# Introduction #

In these exercises, you'll explore the operations a couple of popular convnet architectures use for feature extraction, learn about how convnets can capture large-scale visual features through stacking layers, and finally see how convolution can be used on one-dimensional data, in this case, a time series.

Run the cell below to set everything up.

In [None]:
# Setup feedback system
from learntools.core import binder
binder.bind(globals())
from learntools.computer_vision.ex4 import *

from cv_prelude import *

# Exploring Feature Extraction #

In the tutorial, we looked at the operations VGG16 uses to perform the feature extraction.

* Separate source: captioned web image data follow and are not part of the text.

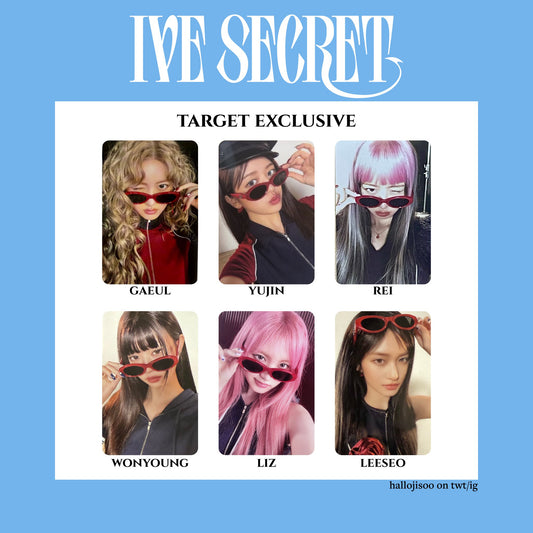 [ALBUM] IVE Secret Target Exclusive US Album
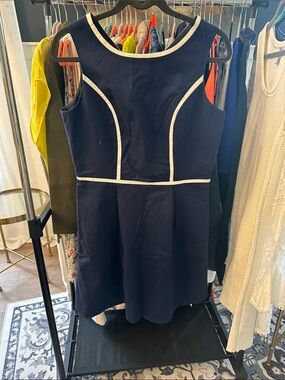 Tommy Hilfiger Navy Dress with White Trim Accent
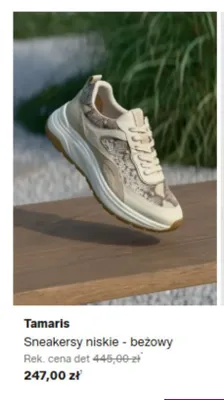 Sneakersy niskie Tamaris beżowy promocja w Lounge by Zalando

Now let's take a look at the parameters used in a couple of more advanced models: [ResNet50](https://keras.io/api/applications/resnet/#resnet50-function) and [InceptionV3](https://keras.io/api/applications/inceptionv3/).


### 1a) ResNet50

Run this next cell to load the model and an example image.

In [None]:
import tensorflow as tf
import matplotlib.pyplot as plt
from matplotlib import gridspec
import visiontools
import warnings

plt.rc('figure', autolayout=True)
plt.rc('axes', labelweight='bold', labelsize='large',
       titleweight='bold', titlesize=18, titlepad=10)
plt.rc('image', cmap='magma')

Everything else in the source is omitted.